Members of the public and local officials criticized the Long Beach Police Department’s continued use of facial recognition software at a Friday public safety committee hearing.
A city council subcommittee even recommended that the technology be banned over concerns about its accuracy.
“Imagine the chaos when the LBPD starts getting alerts saying the suspect was spotted by a camera downtown, but 9 out of 10 times, they’re being sent out on a false alert,” said one speaker at the Friday meeting.
“It could easily get someone killed one day.”
Local attorney Greg Buhl wrote in a letter to the committee, “Before the City gives the green light to LBPD’s continued and unchecked use of facial recognition, the inherent equity and racial justice issues associated which must be addressed.”
But Long Beach’s assistant chief of police, Wally Hebeish, told the panel the facial recognition software is only being used in limited ways right now. The police use the software to generate possible leads in criminal investigations.

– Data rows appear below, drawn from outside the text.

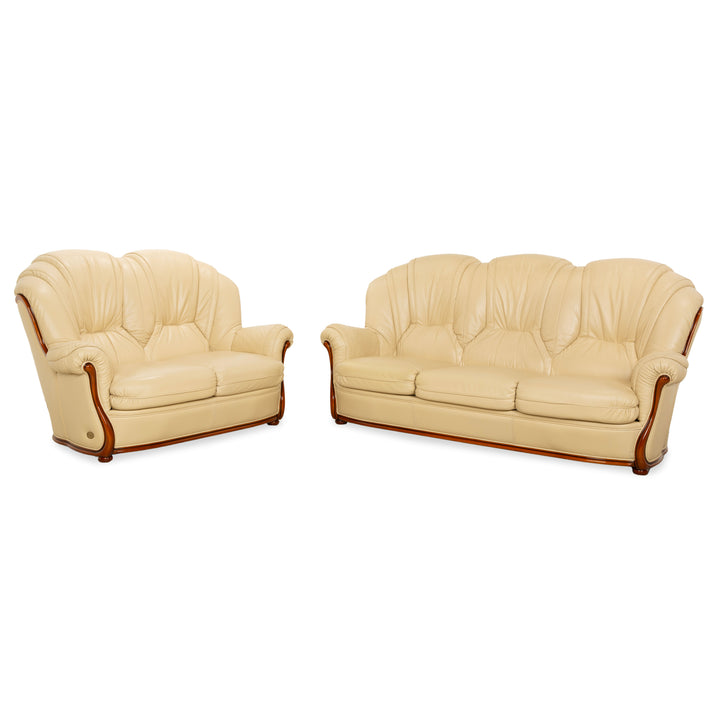 Nieri Leder Holz Dreisitzer Zweisitzer Creme Braun Sofa Couch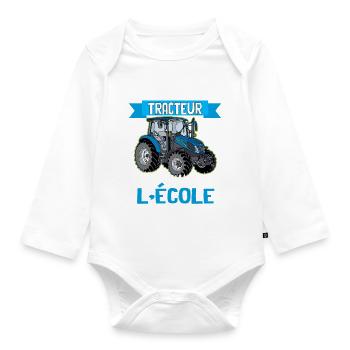 Tracteur Et Ecole Humour Garçon Cadeau Fils - Body Bébé bio manches longues - blanc - Devant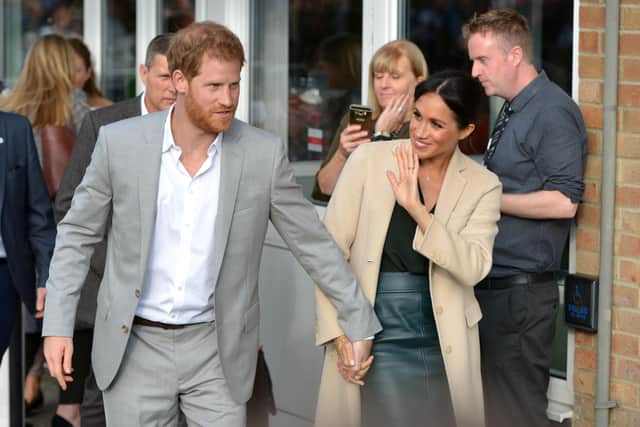 Prince Harry and Meghan visiting the Joff Youth Centre in Peacehaven last year. Picture: Peter Cripps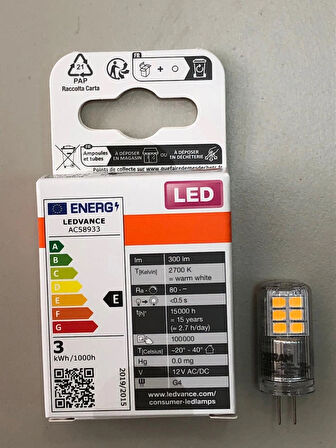 Osram 5 ADET G4 LED LAMBA 12V 2,2W=300 LÜMEN 2700 KELVİN SARI 15,000 SAAT 14mmX36mm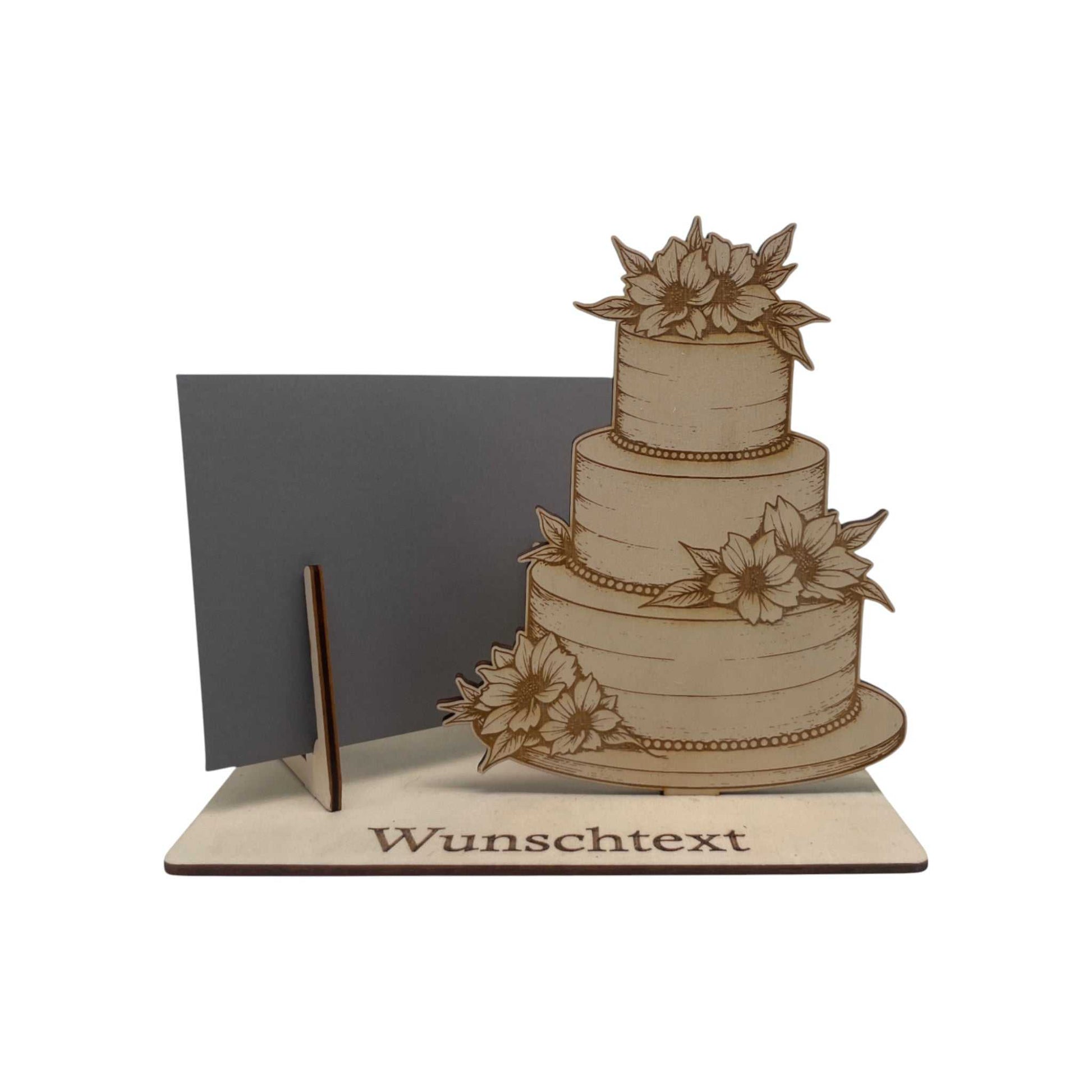 Holz Gutscheinhalter Hochzeit Torte mit Stecksystem für Umschlag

He also said supervisors should be trusted to serve as safeguards.
“Our policy does mandate that the supervisor overseeing the use of that system does ensure that it is being used appropriately and takes steps if it is not,” Hebeish said.
A subcommittee within the city’s Technology and Innovation Commission expressed concern that the city had no “independent auditing entities.”
In a report released ahead of the Friday meeting, the subcommittee recommended the city ban the use of this type of software by the police with “possible consideration of narrowly defined and limited exception(s).”
The report stated, “the subcommittee finds that current facial recognition technologies are not only insufficiently accurate but pose substantive and unequal risk to Black residents and residents of color due to inherent algorithmic biases that have not been effectively addressed in software design.”
The findings are not new to critics of facial recognition software. Research from 2018 found that some algorithms misclassified Black women nearly 35 percent of the time but almost always correctly identified white men.
There have been improvements in the accuracy of facial analysis software.
The National Institute of Standards and Technology tested 127 software algorithms used for facial recognition from 39 different developers and found that software got 20 times better at recognizing faces between 2014 and 2018 alone. The testing showed software will miss a true match only 0.2 percent of the time.
The Department of Homeland Security, however, found that commercial biometric systems are less accurate in identifying people with darker skin color.
Tech publication Wired quoted a July 2019 report for the National Institute of Standards and Technology that agreed there was a racial disparity in accurate results. The report wrote, “White males ... is the demographic that usually gives the lowest FMR,” or false match rate.
“Black females ... is the demographic that usually gives the highest FMR.”
The Long Beach Post reported that the three city council members -- Suely Saro, Roberto Uranga and Suzie Price -- did not publicly take a stance at the meeting.
The Technology and Innovation Commission is scheduled to consider the report on Wednesday at 3:30 p.m.